Researchers looking into the philosophical question, “Why do we like what we like?” have found that several factors, including poetry that provides vivid mental imagery, make things more aesthetically pleasing to people.
Aesthetics play a role in daily lives, ruling human judgement whether they are conscious of it or not, from the simple things like what to wear, to the bigger decisions like which house to buy, NDTV reports. But there has been so little information on what factors might be influencing these decisions.
Amy Belfi, who was a postdoctoral fellow in New York University (NYU) at the time of the study and lead author on the study, decided to focus on aesthetics with regards to what people found pleasing about poetry.

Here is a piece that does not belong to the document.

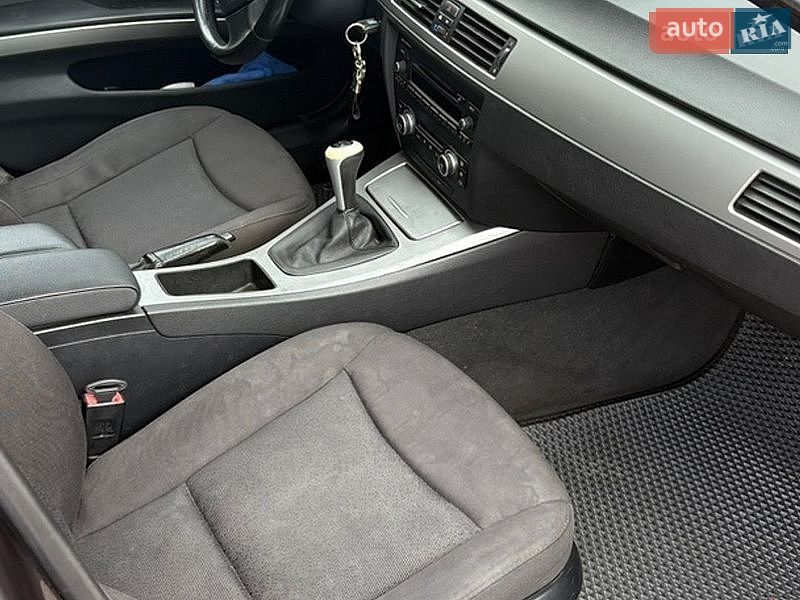BMW 3 Series 2008 VIN WBAVR31060A365026 фото оголошення 7 з 9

People disagree on what they like, of course.
However, despite disagreements on an individual level, the study discovered that there were some specific characteristics that consistently affected a person’s enjoyment of a poem.
There were 400 participants in the study, all of whom read and rated poems of two genres: the haiku and the sonnet. This experiment was meant to understand the factors that best predicted the aesthetic appeal of poems. After reading the poems, the participants answered questionnaires regarding the poems’ vividness, emotional appeal, emotional valence and aesthetic appeal.
The answers showed that the vividness of mental imagery in the poems was the best predictor of aesthetic appeal, and poems that evoked more imagery were said to be more pleasing.
However, the readers could not uniformly agree which poem they found generally more appealing, reinforcing the fact that people have differing tastes. Nevertheless, it can be said that vividness of imagery and emotional valence at least form a common ground on which a poem’s aesthetic value can be measured.
The study was published in the journal Psychology of Aesthetics, Creativity, and the Arts.